“La verdad fugaz”: Las buenas mentiras tienen patas gordas

Te digo que si, todo esto es verdad. La mampostería detrás de nosotros y mis pestañas largas y negras. El señor que esta bailando allí, lleno de tules y con el ombligo al aire, y, sobretodo, aquel helicóptero volando dentro de este bar sin techo. No te preocupes, yo nunca te negaría la verdad.

Si la verdad es fugaz, es decir,  rápida, breve, efímera, momentánea, perecedera;  entonces, ¿cuánto vale mentir? Cuando mentimos  nos volvemos creativos, detallistas, e invertimos mucho tiempo en tramar una buena mentira. Incluso sufrimos reacciones corporales desagradables, como ponernos colorados y podemos, ante un mentiroso profesional, quedar muy mal parados. Pero algunas mentiras (sino todas) adquieren tal peso, tal presencia, que terminan revelando ciertas verdades acerca de nosotros mismos. Porque quizás en ese mismo instante donde prefiramos inventar una mentira se fugue, por entre los recovecos de ésta, alguna verdad fugaz.

Un bar como el lugar del encuentro de una cita sin fecha ni hora. Lugar de la pura casualidad. Punto de fuga, donde todo lo que allí se muestra, parece pero no es, aunque en realidad termina siendo. (¿?) Un encuentro entre desconocidos como disparador de toda esta historia llena de pequeñas historias.

(Un agujero negro, donde coexisten un millar de posibilidades, de combinaciones, como si el amor deviniera un juego de combinaciones dispuestas azarosamente entre muchas otras. Porque, después de todo, el amor es una cuestión de coordinación temporo-espacial.)

La mentira se expone, y constituye el escenario de estos personajes. Una escenografía que representa una gran ciudad, edificios enormes, ante estos seres pequeños, indefensos, cuidadosos de sus propios actos, por momentos impulsivos y sumamente mentirosos. Una trama secundaria donde se expone la realización de una película al estilo bollywood. Presenciamos el making-off, la falsedad de los disfraces y la facilidad con que se cambian frente a nuestros ojos, las coreografías, los chistes sobre el arte de la actuación; ponen en descubierto todo el tiempo el artificio. La mentira está por todas partes.

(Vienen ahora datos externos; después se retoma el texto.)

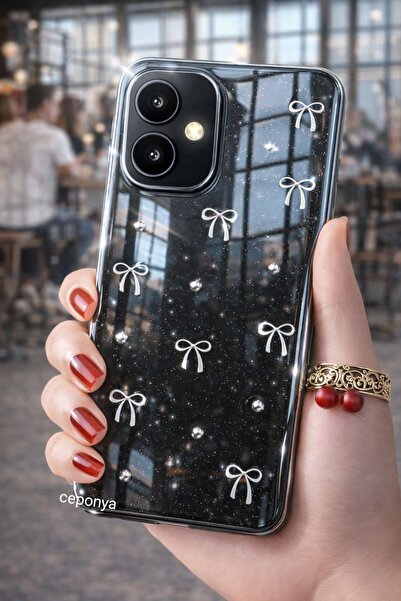 Ceponya جراب Infinix Hot 30i بتصميم وسادة هوائية وغطاء عمود شفاف فضي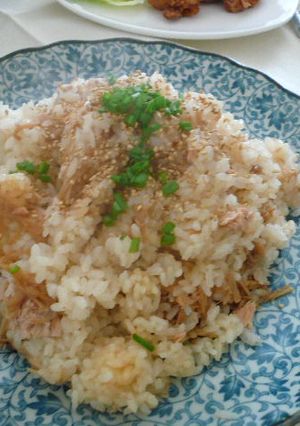 簡単☆なめたけ＆ツナの炊き込みご飯-レシピのメイン写真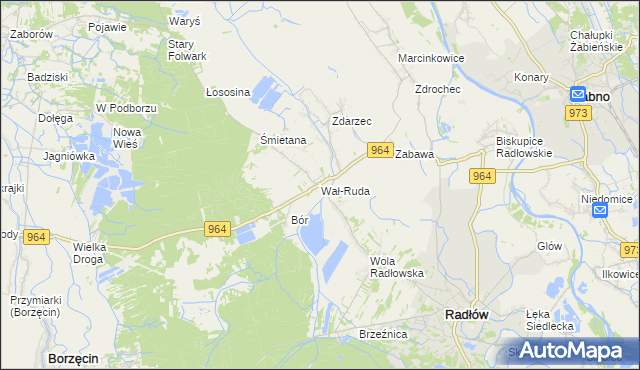 mapa Wał-Ruda, Wał-Ruda na mapie Targeo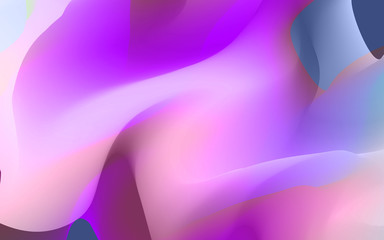 Trendy Colorful Fluid Gradient Shape Background with Place fo Text. Backdrop for Banner, Poster, Cover, Flyer, Presentation, Advertising, Intitational Card, Website and Mobile Usage 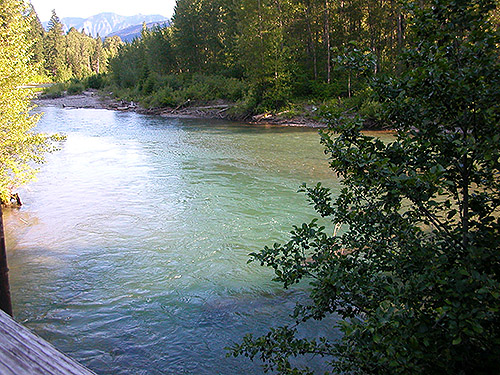 White River at Napeequa confluence, Chelan County, Washington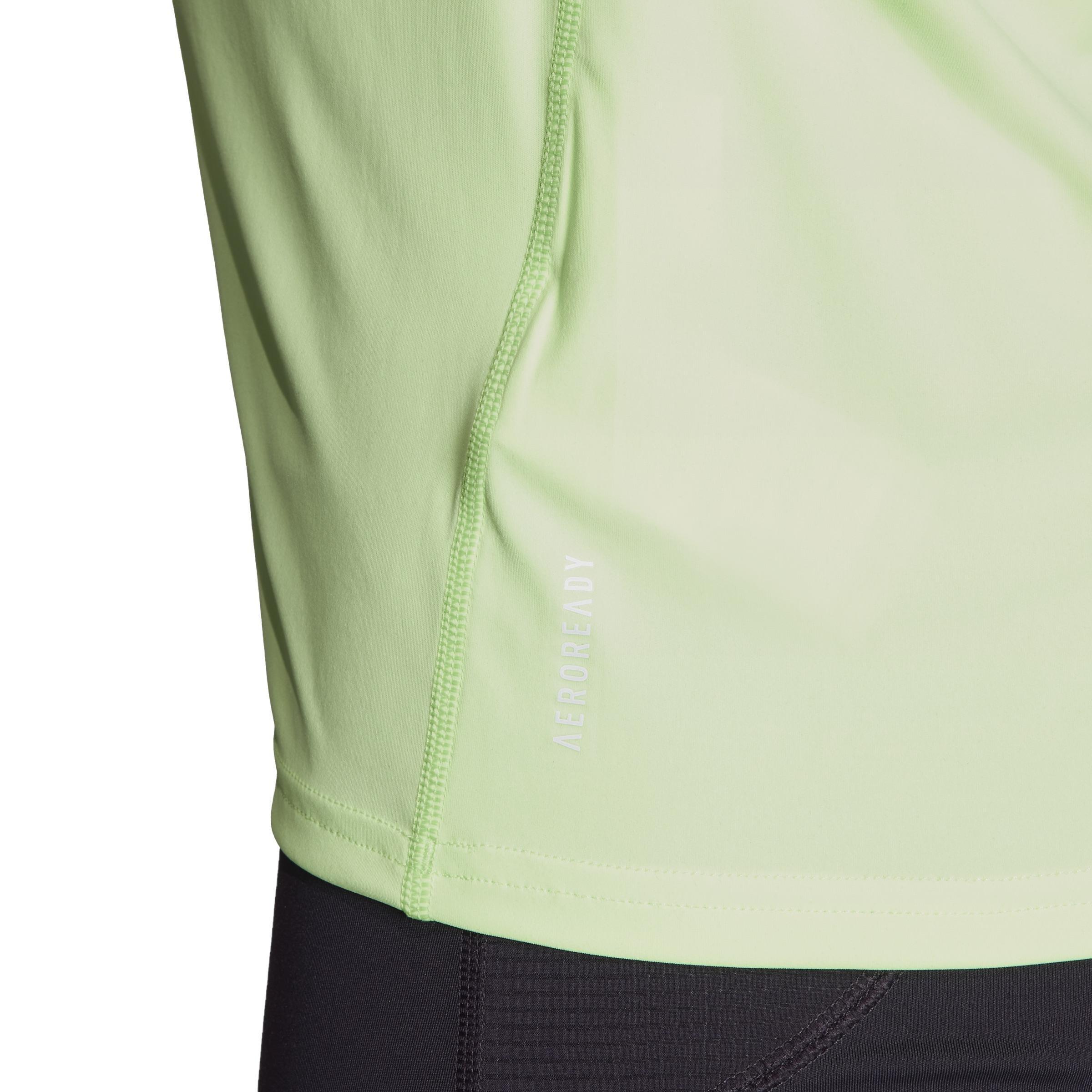 Adizero Essentials Running T-Shirt, Green, A901_ONE, large image number 6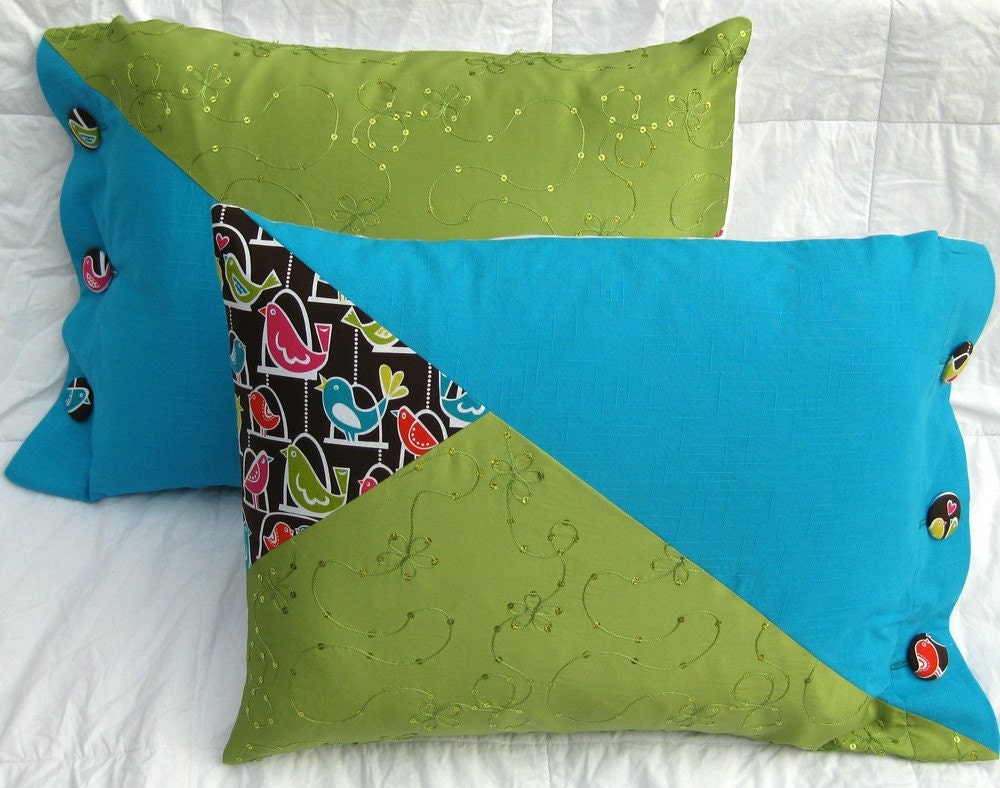Set of two Standard size pillow shams FREE SHIPPING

Pero, ¿qué devela toda esta mentira?

Al igual que en su anterior obra “Cupido sin deternerse”, Guillermo Hermida elige el amor  como  el eje sobre el cual se mueven sus personajes. Relaciones que se terminan, que empiezan, que vuelven a empezar. El foco está puesto allí, donde tiene lugar el encuentro que por más que esté amparado por mentiras no deja de ser real. El encuentro entre esos seres, la atracción, la nostalgia, la pasión por ese otro. Los sentimientos afloran más allá de todo artificio. Porque entre todas esas capas que lo recubren, se escurre siempre alguna que otra verdad que termina sorprendiéndonos.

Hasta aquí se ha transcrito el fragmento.